[Records from a dataset]
==*==

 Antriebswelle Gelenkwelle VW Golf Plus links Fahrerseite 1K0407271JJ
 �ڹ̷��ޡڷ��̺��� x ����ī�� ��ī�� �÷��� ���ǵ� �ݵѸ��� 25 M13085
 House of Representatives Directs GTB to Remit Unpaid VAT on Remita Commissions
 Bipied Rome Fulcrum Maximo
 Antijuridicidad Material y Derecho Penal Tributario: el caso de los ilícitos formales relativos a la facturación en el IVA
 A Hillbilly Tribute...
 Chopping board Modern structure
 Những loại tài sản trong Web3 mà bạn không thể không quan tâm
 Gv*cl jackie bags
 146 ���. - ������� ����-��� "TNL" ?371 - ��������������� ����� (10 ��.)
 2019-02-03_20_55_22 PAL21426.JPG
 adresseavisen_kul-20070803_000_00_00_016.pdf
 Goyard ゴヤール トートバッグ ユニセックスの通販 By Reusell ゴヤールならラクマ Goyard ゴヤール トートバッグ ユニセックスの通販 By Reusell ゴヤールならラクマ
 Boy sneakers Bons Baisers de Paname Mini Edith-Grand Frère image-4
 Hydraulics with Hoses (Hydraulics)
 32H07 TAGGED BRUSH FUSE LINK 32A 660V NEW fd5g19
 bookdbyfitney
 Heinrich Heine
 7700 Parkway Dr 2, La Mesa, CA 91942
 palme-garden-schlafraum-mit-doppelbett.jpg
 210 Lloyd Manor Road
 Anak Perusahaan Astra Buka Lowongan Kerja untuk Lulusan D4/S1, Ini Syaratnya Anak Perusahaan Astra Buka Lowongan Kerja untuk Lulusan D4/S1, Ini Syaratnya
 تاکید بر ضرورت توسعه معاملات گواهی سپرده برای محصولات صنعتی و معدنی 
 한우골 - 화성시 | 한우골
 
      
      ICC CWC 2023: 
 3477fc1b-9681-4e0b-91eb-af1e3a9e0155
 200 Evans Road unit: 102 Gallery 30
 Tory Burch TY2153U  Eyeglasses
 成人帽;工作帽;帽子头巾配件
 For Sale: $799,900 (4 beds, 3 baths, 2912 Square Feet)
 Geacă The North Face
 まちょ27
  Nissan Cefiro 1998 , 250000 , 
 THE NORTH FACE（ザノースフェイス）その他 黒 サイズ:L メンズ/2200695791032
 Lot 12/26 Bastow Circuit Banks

==*==

Instructions to follow: From the records above, show each line that contains the word "Road".

Final answer:
 210 Lloyd Manor Road
 200 Evans Road unit: 102 Gallery 30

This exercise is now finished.